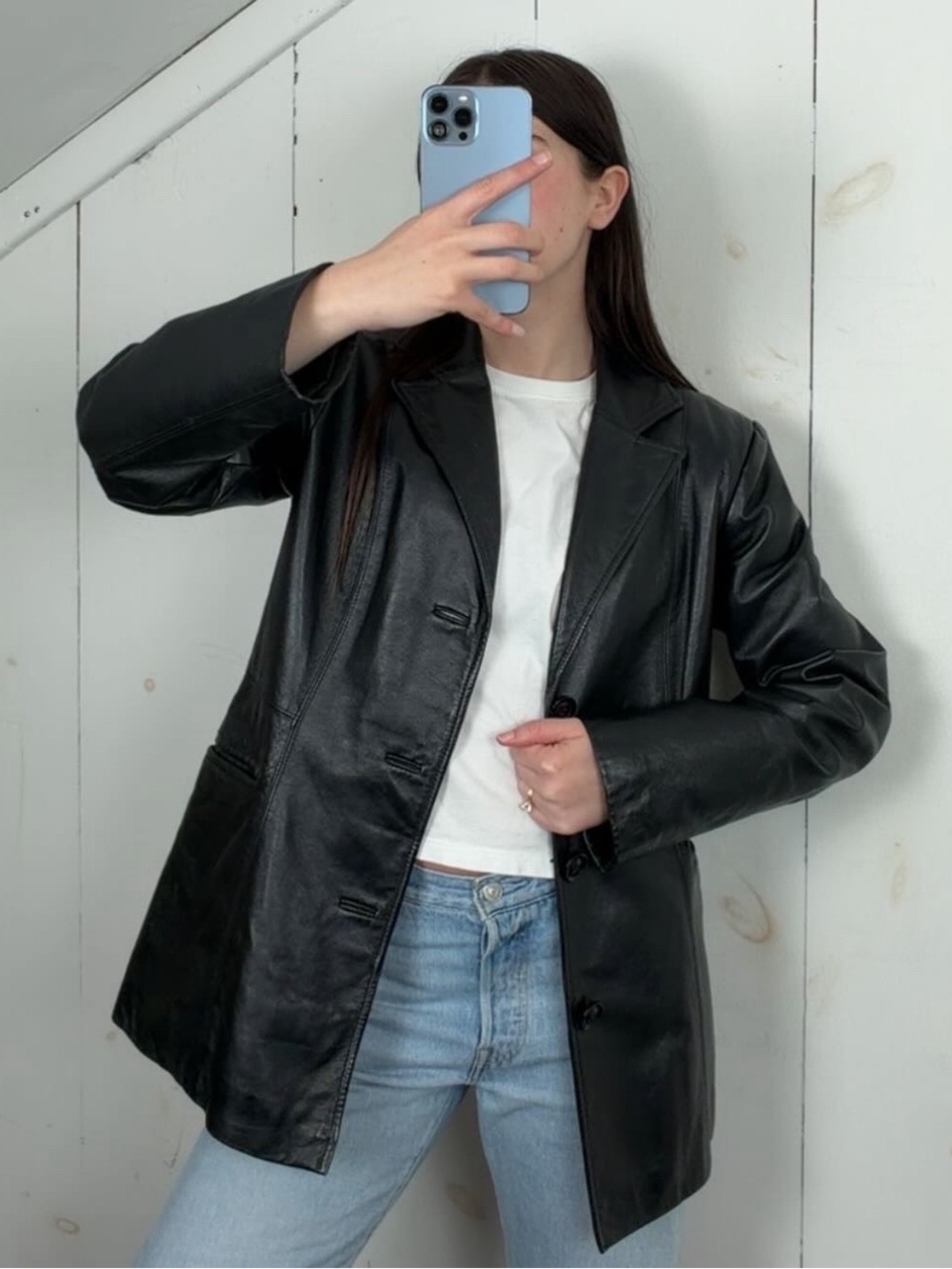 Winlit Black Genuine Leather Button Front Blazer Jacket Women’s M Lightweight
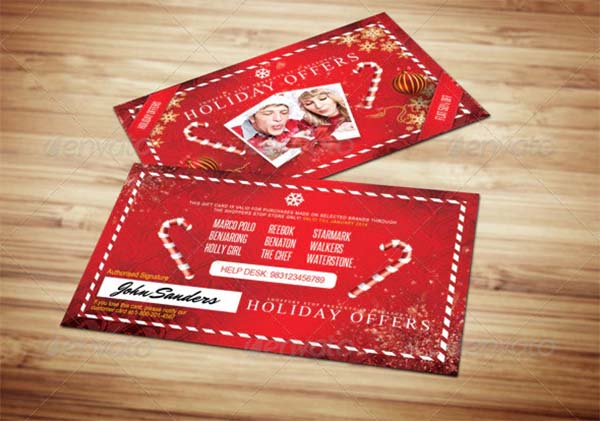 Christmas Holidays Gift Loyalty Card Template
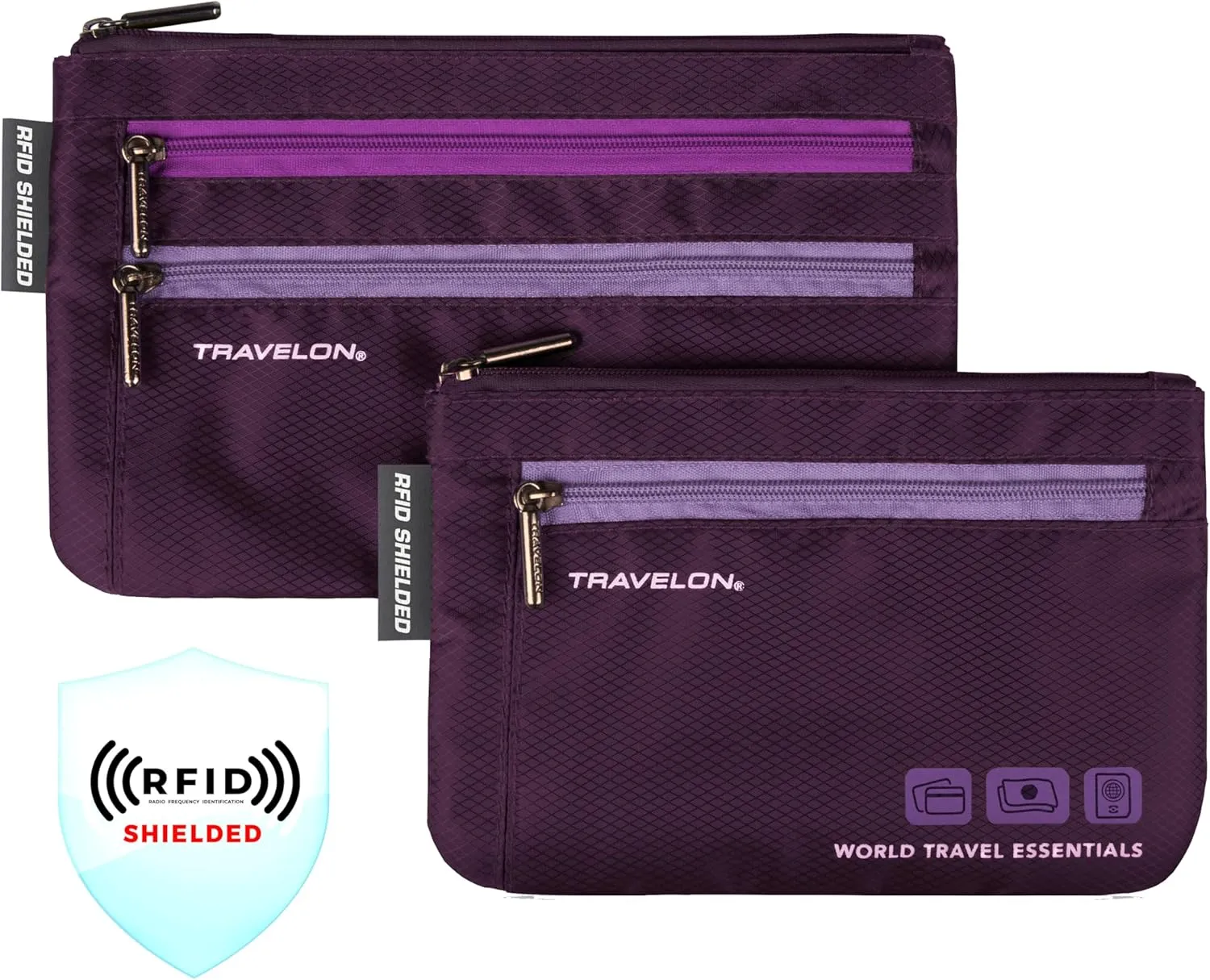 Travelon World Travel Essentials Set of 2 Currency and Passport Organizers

•••

> Task directions:
What is needed is the data above, retyped exactly, with every picture left out.

> Final answer:
 Winlit Black Genuine Leather Button Front Blazer Jacket Women’s M Lightweight
 Christmas Holidays Gift Loyalty Card Template
 Travelon World Travel Essentials Set of 2 Currency and Passport Organizers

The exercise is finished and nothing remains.